彼女は瞬く間に腹を刺され、悲鳴を上げるより先に家の中に押し込まれた。
不思議なことに、通りには通行人の影はなかった。昼間だというのに。
男が玄関の鍵を掛けていると、子供が異常を感じてか、奥の方からかけてきた。
彼女の静止の声は届かなかった。男はやってきた子供を見るなり目に何かを突き立てていた。
ドライバーか何かの工具だったと思う。
子供は悲鳴を上げる間もなく痙攣して人形のように倒れた。
それから、半狂乱になった彼女は男に襲い掛かろうとして、頭を何度も殴打されて気を失ったのだ。
(ひどい…ひど過ぎる)
朝、夫を送り出して子供と少し遊び、洗濯と掃除をすませてお昼をとった。
そろそろ子供と昼寝をしようと思っていたところだった。
昨日と変わらない今日だと思っていた。
その一日は瞬く間に一変してしまった。
まさか強盗に入られるなど思いもしなかった。
「221、大体二ヶ月くらいだから、一日辺り三人ちょっと。ダメだ全然追いついてない」
男はテーブルに着いてぶつぶつと呟いていた。時折、咀嚼音もするので何かを食べているようだった。

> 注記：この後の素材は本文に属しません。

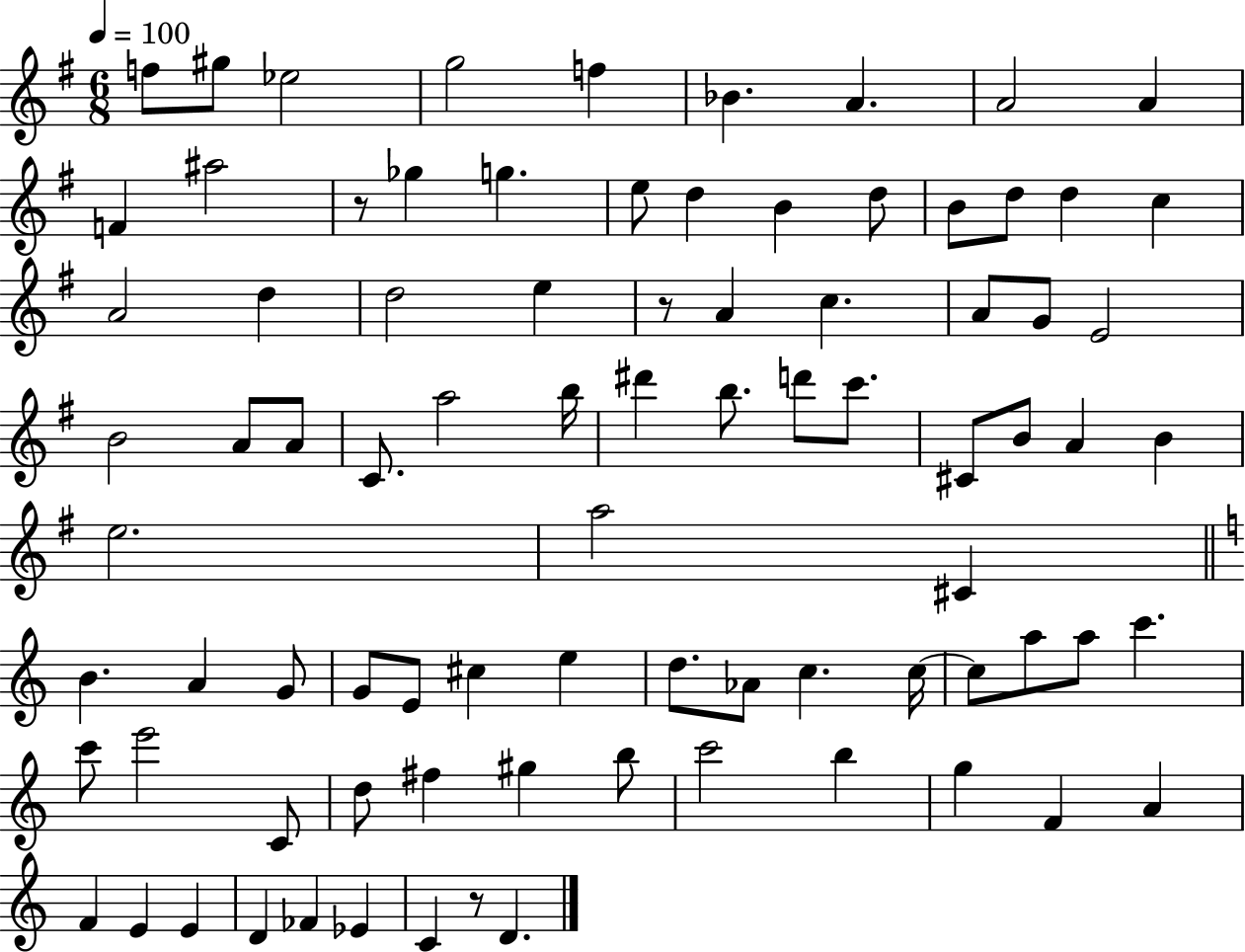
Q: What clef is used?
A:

彼女は床に血ダマリを作ったまま俯せに寝かされていた。
おそらくもう死んだと思われているのだろう。
「でもペースを上げようにもなぁ。ひとまず、ここの家のお姉さんが近所に住んでるみたいだから、まずそこに行くか」
「!?…………」
頭を殴られたための幻聴ではない。
男はたしかに姉夫婦の家に行くと言った。
(なん………で?)
ただの強盗ではなかったのか。
男の言動が理解できずに彼女の思考は一瞬停止しかけた。
しかし、それも一瞬のこと、
『えー、先日から続く連続殺人についてのニュースです。』
唐突に別の声が彼女の耳に飛び込んできた。
男がテレビをつけたからだ。
『はい。こちら現場の●●です。新しい被害者です。○○区で殺されていたのは───』
お昼のワイドショーが流れているらしい。
キャスターは重い口調で殺された被害者の名前を羅列していった。
今、日本全土を恐怖に陥れている殺人鬼の話しのようだった。
(……………っ!?)
ようやく、彼女はその殺人鬼に襲われたのではないかという考えに至った。
『――これ全部同一人物がやったって言うのが警察の見解なんでしょ?』
『そうですね。現場に残された指紋や毛髪からそう言われています』
『しかもまだ未成年だとか』
『えぇ、そう言われてますね』
『なんでも、小さい時に虐待を受けて、イジメもひどかったらしいじゃないですか』
『そうですね。彼の両親、同じクラスの生徒、担任教師、これが最初の被害者ですからね。積もり積もった恨みからでしょうね』
『でもそこからは不思議なんですが、まったく無関係な人が殺されてますよね。彼の親族は除いたとして』
『ですね。そこらへんをお聞きするために犯罪者の精神を研究しておられる△△さんをお呼びしています。△△先生お願いします』
『はい、その前にまず、私の掴んだ確かな情報なんですが。彼の部屋には映画やアニメ漫画なんかにある人が殺されたシーンを集めたビデオやスナッフが無数に出てきたらしいんですよ』
「さすがにそれはないなぁ」
黙ってテレビを見ていた男が急に声をあげた。
怒気を孕んでいるわけでもなく、ただ淡々と、
「おかしいよなぁ。全然僕のことじゃない話してるみたいだよ」
親は自分を愛してくれたし、友達もそこそこ居た。
映画はよく見るが人が死ぬところなど集めていなかったし、漫画やアニメなんかは全然興味なかった方なんだけど、などとテレビに向かって話していた。
「そもそも、好きで人殺ししてるわけじゃなし――」
男の発言などどうでもよかった。
彼女はただただ不運というものに打ちのめされていた。
テレビのワイドショーだろうがなんだろうが、起こるわけのない非日常が突然やって来ていたのだと心底その不運を呪った。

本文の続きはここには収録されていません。